Ahora bien, la ampliación de la base de impuesto de renta contemplada en la propuesta presentada por el Gobierno es bienvenida y estamos en mora de hacerla. Los empleados formales deben ser conscientes de lo privilegiados que son en una estructura social como la colombiana, en la que existen municipios en los cuales 98% de su población se desempeña laboralmente en la informalidad. Algo similar sucede con los pensionados, quienes deberán tributar por concepto de renta a partir de cierto umbral, corrigiendo de cierta forma las marcadas desigualdades de un sistema pensional altamente subsidiado. Ampliando la base de renta aseguramos más recaudo, promovemos la progresividad y la solidaridad de la política fiscal y, quizás más importante aún, generamos cultura tributaria en un país caracterizado por la opacidad en el pago de impuestos. En términos de progresividad preocupa que se hayan replanteado a la baja iniciativas socializadas por el ministro de hacienda con anterioridad, como la relativa al incremento al impuesto al patrimonio.
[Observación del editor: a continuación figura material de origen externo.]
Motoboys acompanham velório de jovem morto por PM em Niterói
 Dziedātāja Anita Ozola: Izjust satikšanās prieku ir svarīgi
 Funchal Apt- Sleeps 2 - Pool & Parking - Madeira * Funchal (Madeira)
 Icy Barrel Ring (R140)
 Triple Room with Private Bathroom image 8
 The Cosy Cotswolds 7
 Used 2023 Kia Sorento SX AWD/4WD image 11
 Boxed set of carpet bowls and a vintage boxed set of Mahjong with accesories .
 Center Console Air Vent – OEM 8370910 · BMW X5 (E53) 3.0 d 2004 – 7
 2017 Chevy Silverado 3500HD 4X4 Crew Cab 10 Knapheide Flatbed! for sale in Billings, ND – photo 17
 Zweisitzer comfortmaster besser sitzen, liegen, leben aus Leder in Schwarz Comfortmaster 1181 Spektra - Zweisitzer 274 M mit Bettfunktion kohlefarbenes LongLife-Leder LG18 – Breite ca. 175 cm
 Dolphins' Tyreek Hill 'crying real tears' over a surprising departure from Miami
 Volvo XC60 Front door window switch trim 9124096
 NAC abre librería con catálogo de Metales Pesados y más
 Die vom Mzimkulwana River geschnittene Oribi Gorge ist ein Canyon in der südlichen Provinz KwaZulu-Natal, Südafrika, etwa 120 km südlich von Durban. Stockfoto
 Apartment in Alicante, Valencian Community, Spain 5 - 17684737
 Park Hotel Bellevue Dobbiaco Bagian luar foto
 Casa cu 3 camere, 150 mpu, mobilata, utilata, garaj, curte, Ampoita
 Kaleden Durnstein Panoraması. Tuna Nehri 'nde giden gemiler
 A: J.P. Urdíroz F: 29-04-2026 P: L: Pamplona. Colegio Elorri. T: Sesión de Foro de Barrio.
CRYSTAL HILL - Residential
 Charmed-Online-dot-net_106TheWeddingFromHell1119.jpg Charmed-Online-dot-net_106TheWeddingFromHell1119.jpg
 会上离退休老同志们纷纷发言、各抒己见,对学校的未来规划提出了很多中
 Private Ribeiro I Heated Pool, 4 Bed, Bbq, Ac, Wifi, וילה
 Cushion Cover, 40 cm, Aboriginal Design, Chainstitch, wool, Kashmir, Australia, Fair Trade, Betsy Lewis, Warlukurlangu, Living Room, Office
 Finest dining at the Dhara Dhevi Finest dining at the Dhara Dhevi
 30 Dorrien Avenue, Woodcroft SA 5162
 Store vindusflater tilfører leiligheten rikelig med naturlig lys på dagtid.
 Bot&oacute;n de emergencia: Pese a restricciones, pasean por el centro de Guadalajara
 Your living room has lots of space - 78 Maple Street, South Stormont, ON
La ampliación de la base de productos gravados con IVA es igualmente deseable, aunque la tarifa es muy alta comparativamente con países de ingreso similar al nuestro, y golpea de nuevo el bolsillo de la clase media más que proporcionalmente por cuenta del IVA a algunos bienes de la canasta alimentaria, a los servicios públicos, al servicio de internet y a los combustibles, principalmente.
Una mención aparte merece la modificación estipulada en el articulado presentado con respecto al cambio de exentos a excluidos de algunos productos agrícolas. El asunto parece menor, dado que muchos de esos productos no están gravados con IVA, pero en la práctica el impacto es considerable pues sus productores ya no podrán descontar el IVA pagado por los insumos usados para producirlos. El consumidor asumirá mayores precios para dichos productos, introduciendo una asimetría frente a los importados que no tendrán que subir sus precios y afectando así la producción agrícola.
Finalmente, es preocupante lo relativo a las facultades extraordinarias consignadas en la propuesta para que el Presidente pueda reestructurar el Estado, toda vez que esto abre la posibilidad de que el presidente enajene bienes del Estado sin la debida deliberación democrática.